Pictures with short captions:

####################

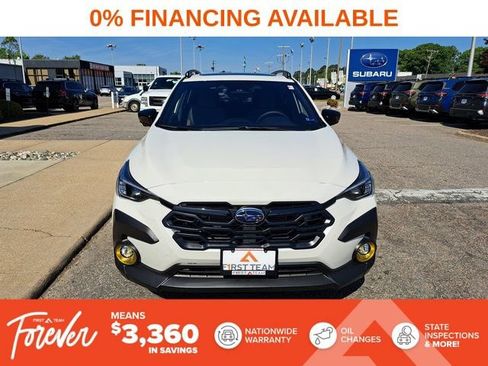 New 2026 Subaru Crosstrek 2.5i Sport AWD/4WD image 9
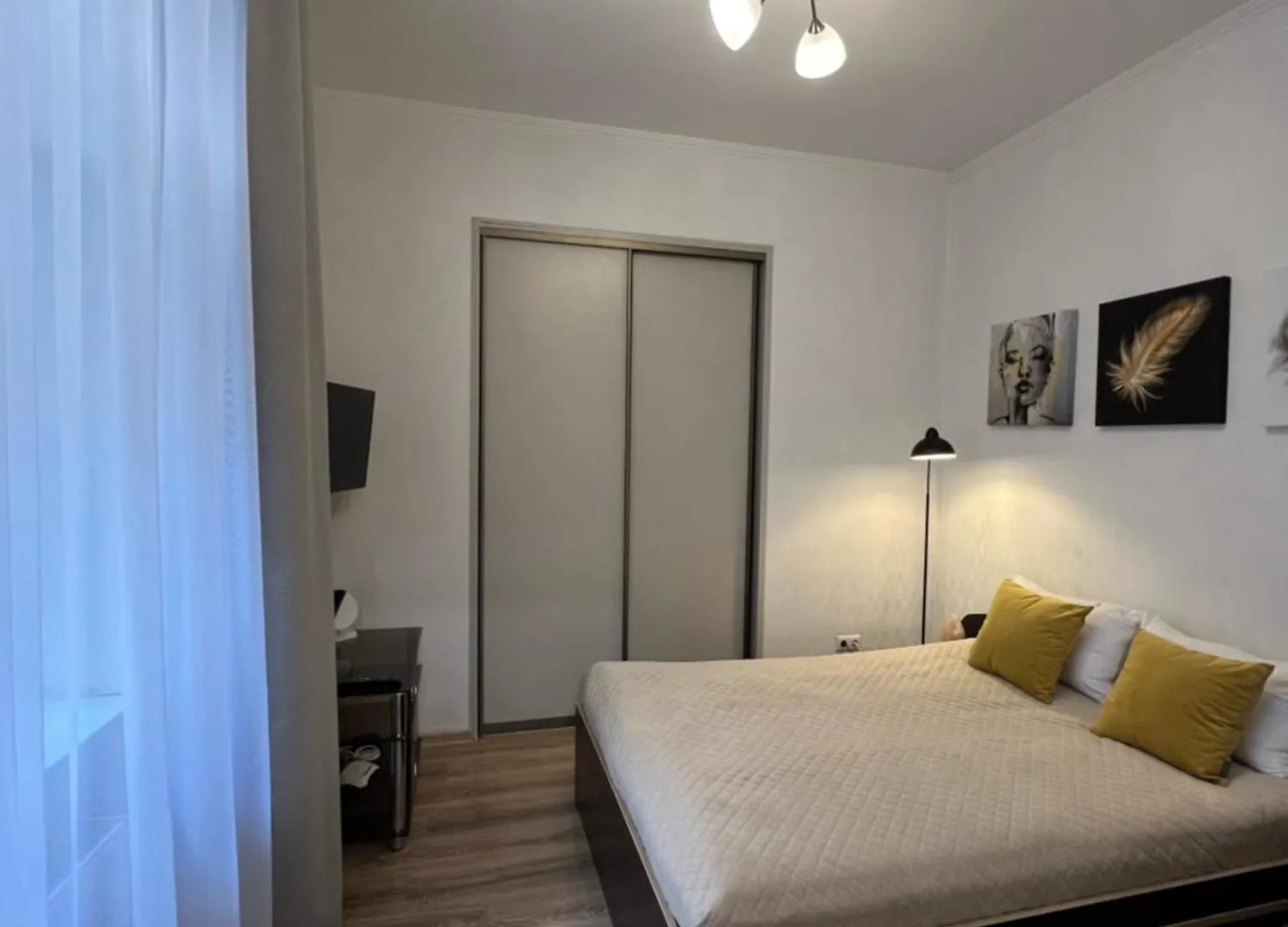 Cozy Apartment Near The Lviv National Opera
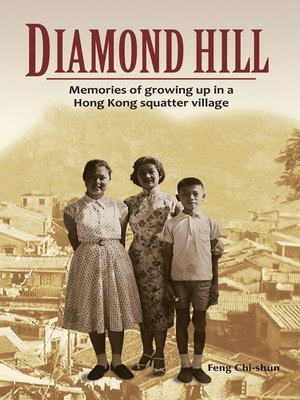 cover image of Diamond Hill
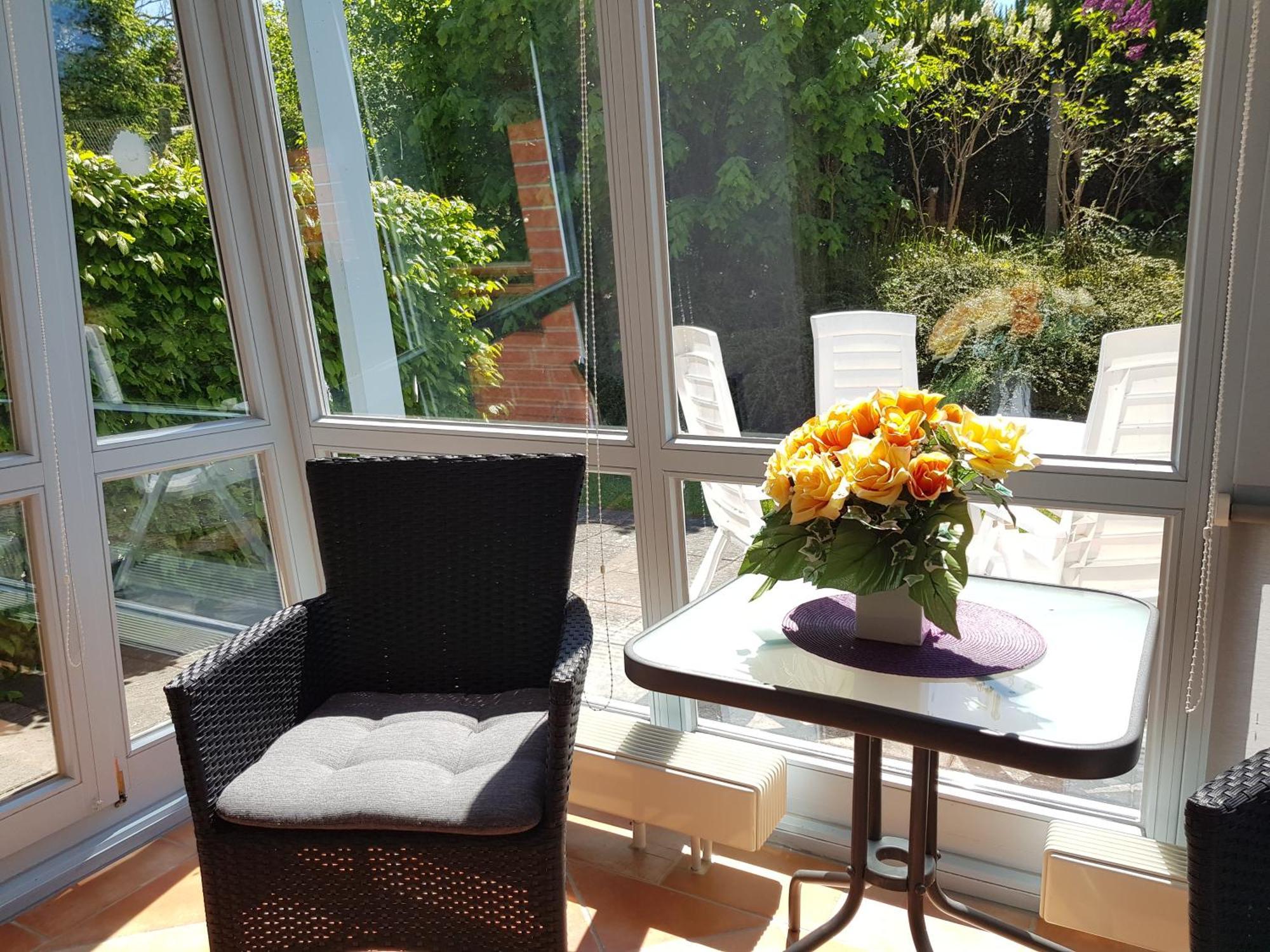 Appartement 6 Im Fischerhaus Mit Terrasse Sellin  Eksteriør billede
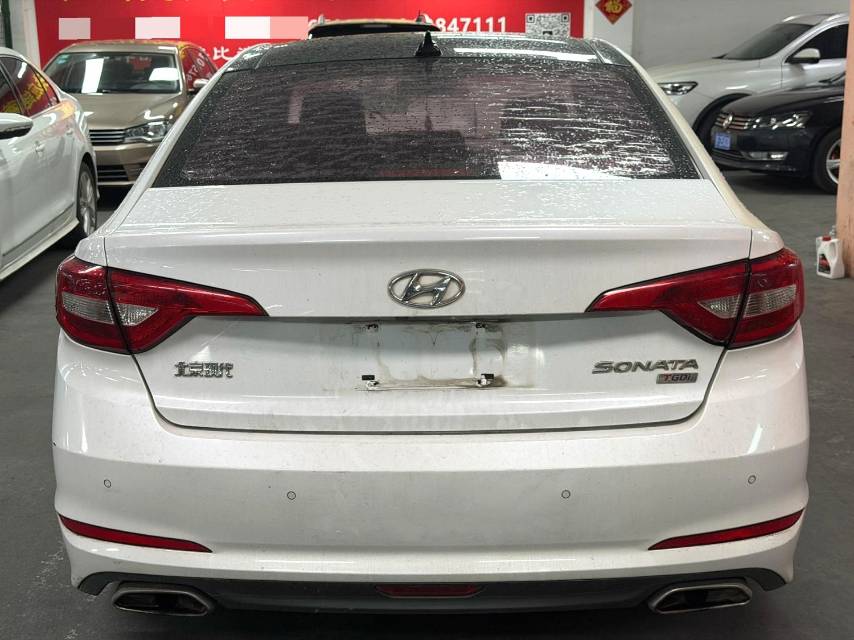 Hyundai 1.6T GLS
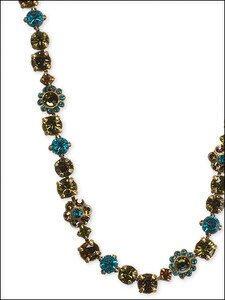 **SPECIAL ORDER**Sorrelli Paradise Swarovski Crystal Necklace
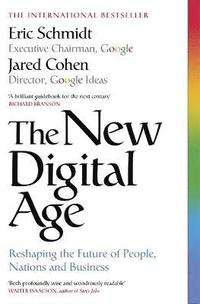 The New Digital Age: Reshaping the Future of People, Nations and Business (hftad)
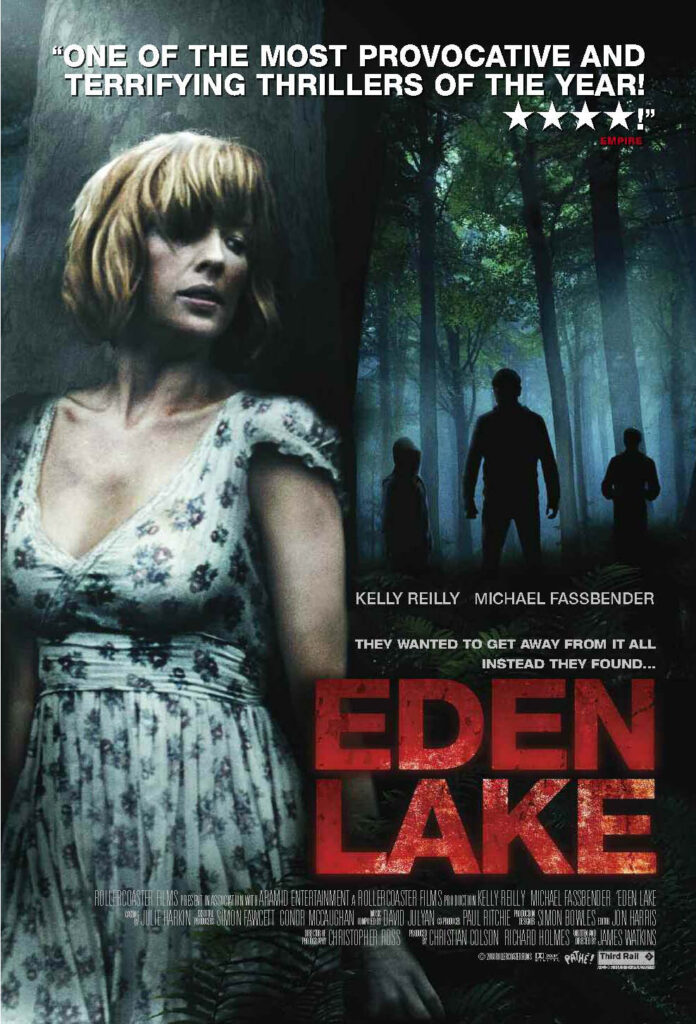 Eden Lake (2008) - movies like wrong turn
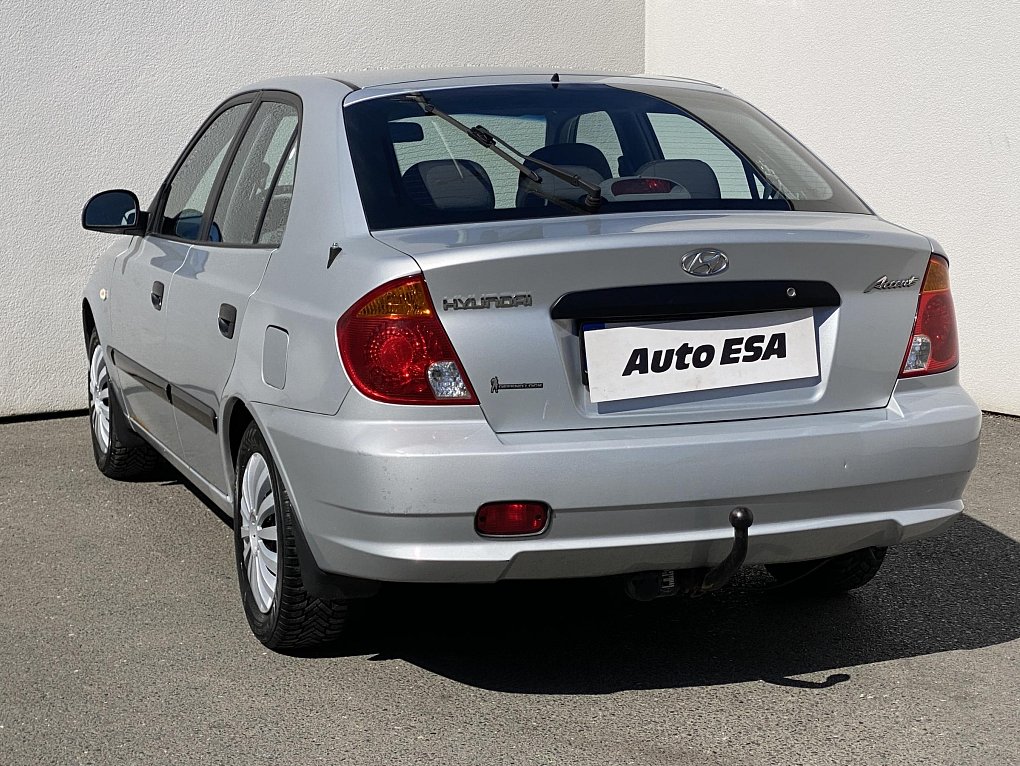 Hyundai Accent 1.4i 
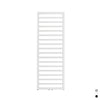 Termoarredo Zehnder Subway H. 973- Cromo Largh. Cm 45- Zehnd- Pezzi 1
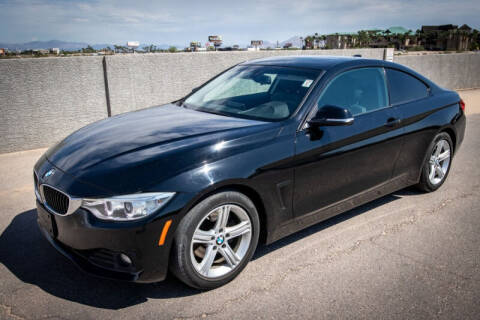 2015 BMW 4 Series for sale at REVEURO in Las Vegas NV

####################

◆ Task requirements
All of the entries above should be retyped exactly, with the pictures left out.

◆ Response
 New 2026 Subaru Crosstrek 2.5i Sport AWD/4WD image 9
 Cozy Apartment Near The Lviv National Opera
 cover image of Diamond Hill
 Appartement 6 Im Fischerhaus Mit Terrasse Sellin  Eksteriør billede
 Hyundai 1.6T GLS
 **SPECIAL ORDER**Sorrelli Paradise Swarovski Crystal Necklace
 The New Digital Age: Reshaping the Future of People, Nations and Business (hftad)
 Eden Lake (2008) - movies like wrong turn
 Hyundai Accent 1.4i 
 Termoarredo Zehnder Subway H. 973- Cromo Largh. Cm 45- Zehnd- Pezzi 1
 2015 BMW 4 Series for sale at REVEURO in Las Vegas NV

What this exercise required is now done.